3. Limitation of Amendments.

3.1 The amendments set forth in Section 2, above, are effective for the purposes set forth herein and shall be limited precisely as written and shall not be deemed to (a) be a consent to any amendment, waiver or modification of any other term or condition of any Loan Document, or (b) otherwise prejudice any right or remedy which Bank may now have or may have in the future under or in connection with any Loan Document.

3.2 This Amendment shall be construed in connection with and as part of the Loan Documents and all terms, conditions, representations, warranties, covenants and agreements set forth in the Loan Documents, except as herein amended, are hereby ratified and confirmed and shall remain in full force and effect.

4. Representations and Warranties. To induce Bank to enter into this Amendment, Borrower hereby represents and warrants to Bank as follows:

4.1 Immediately after giving effect to this Amendment (a) the representations and warranties contained in the Loan Documents are true, accurate and complete in all material respects as of the date hereof (except to the extent such representations and warranties relate to an earlier date, in which case they are true and correct as of such date), and (b) no Event of Default has occurred and is continuing;

4.2 Borrower has the power and authority to execute and deliver this Amendment and to perform its obligations under the Loan Agreement, as amended by this Amendment;

4.3 The organizational documents of Borrower previously delivered to Bank on the Effective Date remain true, accurate and complete and have not been amended, supplemented or restated and are and continue to be in full force and effect;

4.4 The execution and delivery by Borrower of this Amendment and the performance by Borrower of its obligations under the Loan Agreement, as amended by this Amendment, have been duly authorized;

4.5 The execution and delivery by Borrower of this Amendment and the performance by Borrower of its obligations under the Loan Agreement, as amended by this Amendment, do not and will not contravene (a) any law or regulation binding on or affecting Borrower, (b) any contractual restriction with a Person binding on Borrower, (c) any order, judgment or decree of any court or other governmental or public body or authority, or subdivision thereof, binding on Borrower, or (d) the organizational documents of Borrower;

4.6 The execution and delivery by Borrower of this Amendment and the performance by Borrower of its obligations under the Loan Agreement, as amended by this Amendment, do not require any order, consent, approval, license, authorization or validation of, or filing, recording or registration with, or exemption by any governmental or public body or authority, or subdivision thereof, binding on either Borrower, except as already has been obtained or made; and

4.7 This Amendment has been duly executed and delivered by Borrower and is the binding obligation of Borrower, enforceable against Borrower in accordance with its terms, except as such enforceability may be limited by bankruptcy, insolvency, reorganization, liquidation, moratorium or other similar laws of general application and equitable principles relating to or affecting creditors’ rights.

5. No Defenses of Borrower.
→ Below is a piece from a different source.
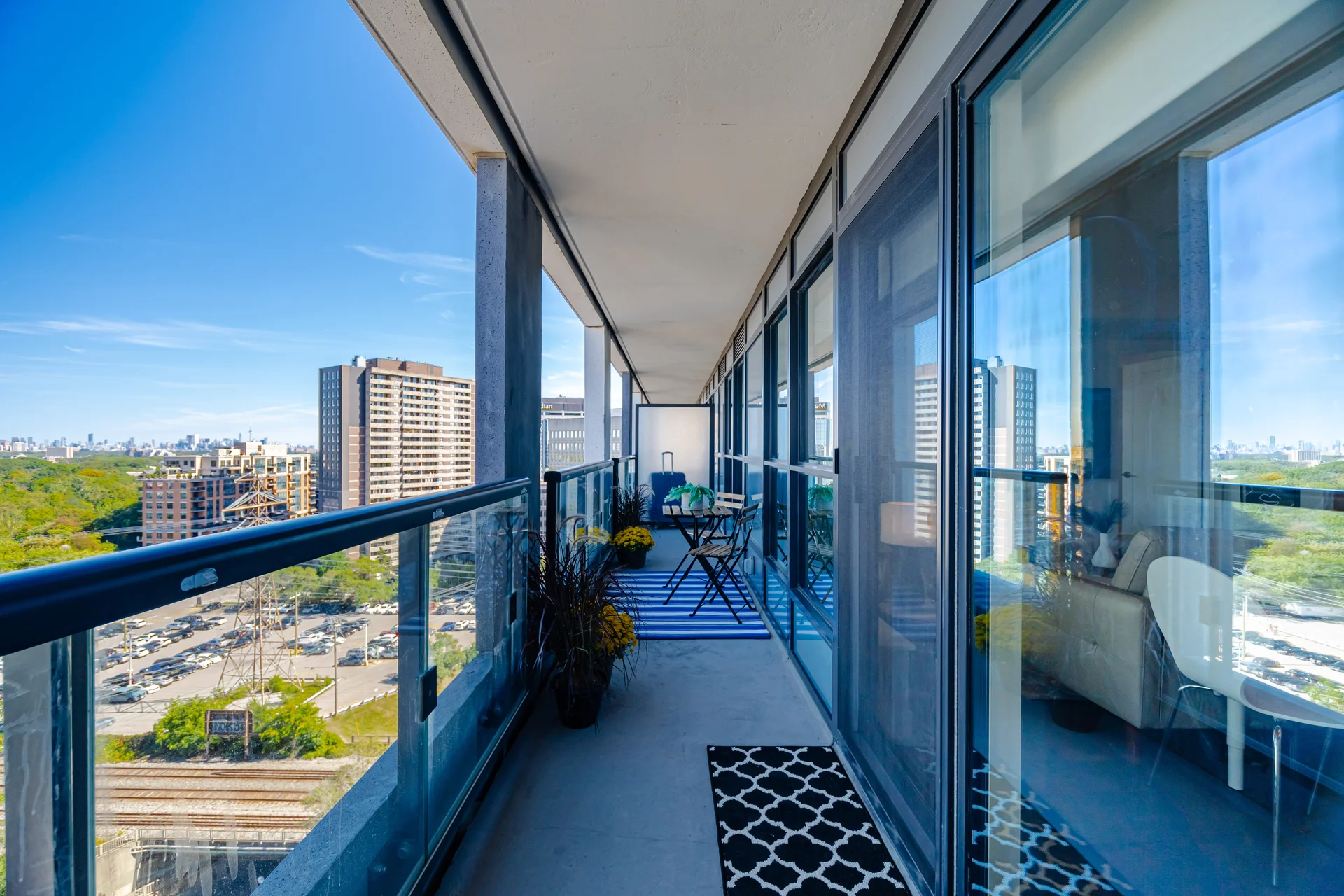 #1327-5 Mabelle Avenue, Etobicoke - photo 38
Borrower hereby acknowledges and agrees that Borrower has no offsets, defenses, claims, or counterclaims against Bank with respect to the Obligations, or otherwise, and that if Borrower now has, or ever did have, any offsets, defenses, claims, or counterclaims against Bank, whether known or unknown, at law or in equity, all of them are hereby expressly WAIVED and Borrower hereby RELEASES Bank from any liability thereunder.

6. Integration. This Amendment and the Loan Documents represent the entire agreement about this subject matter and supersede prior negotiations or agreements. All prior agreements, understandings, representations, warranties, and negotiations between the parties about the subject matter of this Amendment and the Loan Documents merge into this Amendment and the Loan Documents.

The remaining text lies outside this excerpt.